# Task brief
Please repeat the listing below exactly, but do not include its pictures.

# Data provided
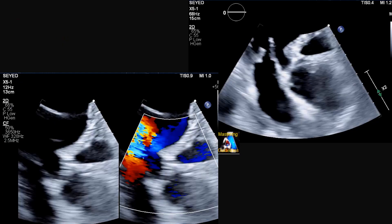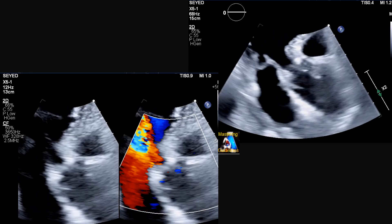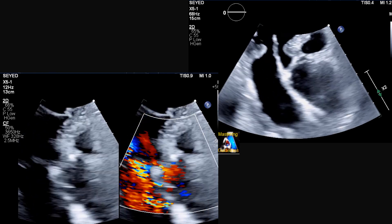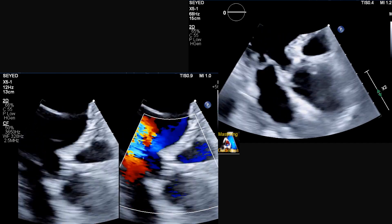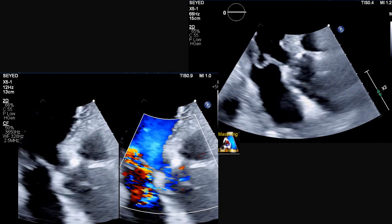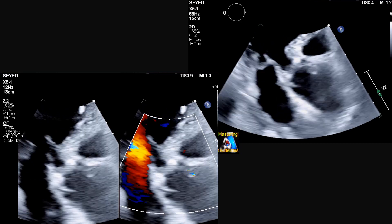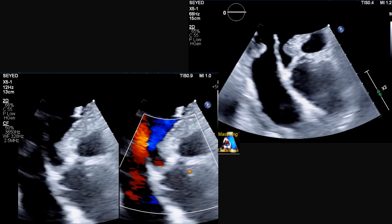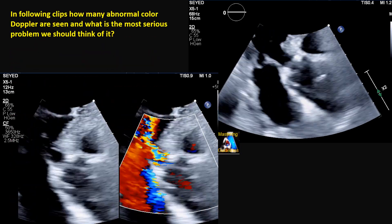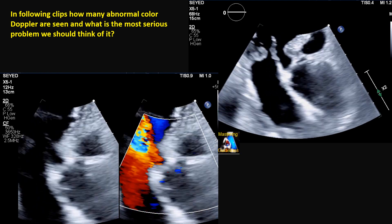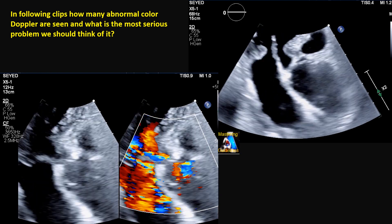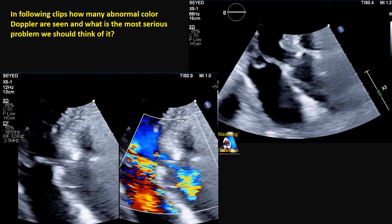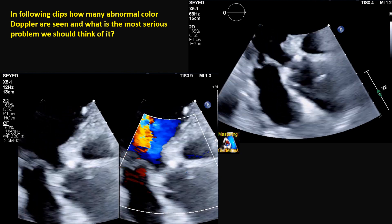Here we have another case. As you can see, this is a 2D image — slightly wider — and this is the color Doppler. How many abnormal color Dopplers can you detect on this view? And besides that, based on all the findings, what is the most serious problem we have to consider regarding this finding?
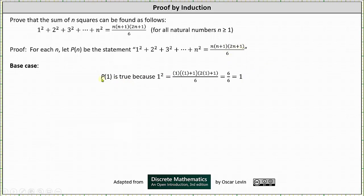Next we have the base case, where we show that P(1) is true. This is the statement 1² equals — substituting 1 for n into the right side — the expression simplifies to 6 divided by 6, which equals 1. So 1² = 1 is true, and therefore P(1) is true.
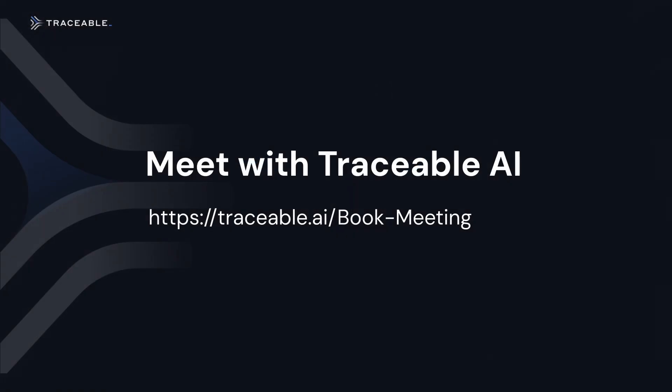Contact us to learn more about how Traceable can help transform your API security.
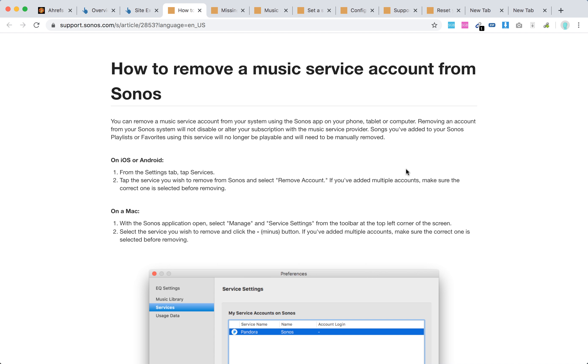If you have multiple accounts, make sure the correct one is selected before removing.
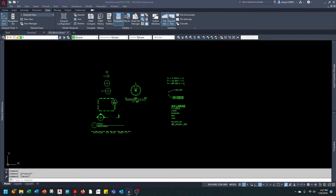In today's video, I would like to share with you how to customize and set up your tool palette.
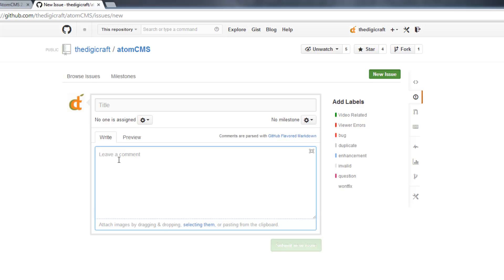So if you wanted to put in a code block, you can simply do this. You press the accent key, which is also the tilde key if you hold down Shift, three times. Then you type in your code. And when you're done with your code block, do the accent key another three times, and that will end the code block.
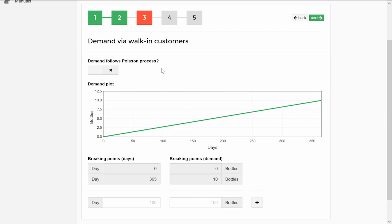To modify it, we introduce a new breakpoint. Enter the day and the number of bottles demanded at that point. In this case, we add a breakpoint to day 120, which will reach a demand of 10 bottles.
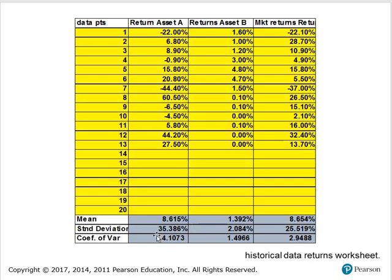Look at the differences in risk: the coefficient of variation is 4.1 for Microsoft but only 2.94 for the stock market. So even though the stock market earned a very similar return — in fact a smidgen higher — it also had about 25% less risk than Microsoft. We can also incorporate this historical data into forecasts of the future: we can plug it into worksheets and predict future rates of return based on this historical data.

# Answer for this exercise
Here we have another case. As you can see, this is a 2D image — slightly wider — and this is the color Doppler. How many abnormal color Dopplers can you detect on this view? And besides that, based on all the findings, what is the most serious problem we have to consider regarding this finding?
Next we have the base case, where we show that P(1) is true. This is the statement 1² equals — substituting 1 for n into the right side — the expression simplifies to 6 divided by 6, which equals 1. So 1² = 1 is true, and therefore P(1) is true.
Contact us to learn more about how Traceable can help transform your API security.
If you have multiple accounts, make sure the correct one is selected before removing.
In today's video, I would like to share with you how to customize and set up your tool palette.
So if you wanted to put in a code block, you can simply do this. You press the accent key, which is also the tilde key if you hold down Shift, three times. Then you type in your code. And when you're done with your code block, do the accent key another three times, and that will end the code block.
To modify it, we introduce a new breakpoint. Enter the day and the number of bottles demanded at that point. In this case, we add a breakpoint to day 120, which will reach a demand of 10 bottles.
Look at the differences in risk: the coefficient of variation is 4.1 for Microsoft but only 2.94 for the stock market. So even though the stock market earned a very similar return — in fact a smidgen higher — it also had about 25% less risk than Microsoft. We can also incorporate this historical data into forecasts of the future: we can plug it into worksheets and predict future rates of return based on this historical data.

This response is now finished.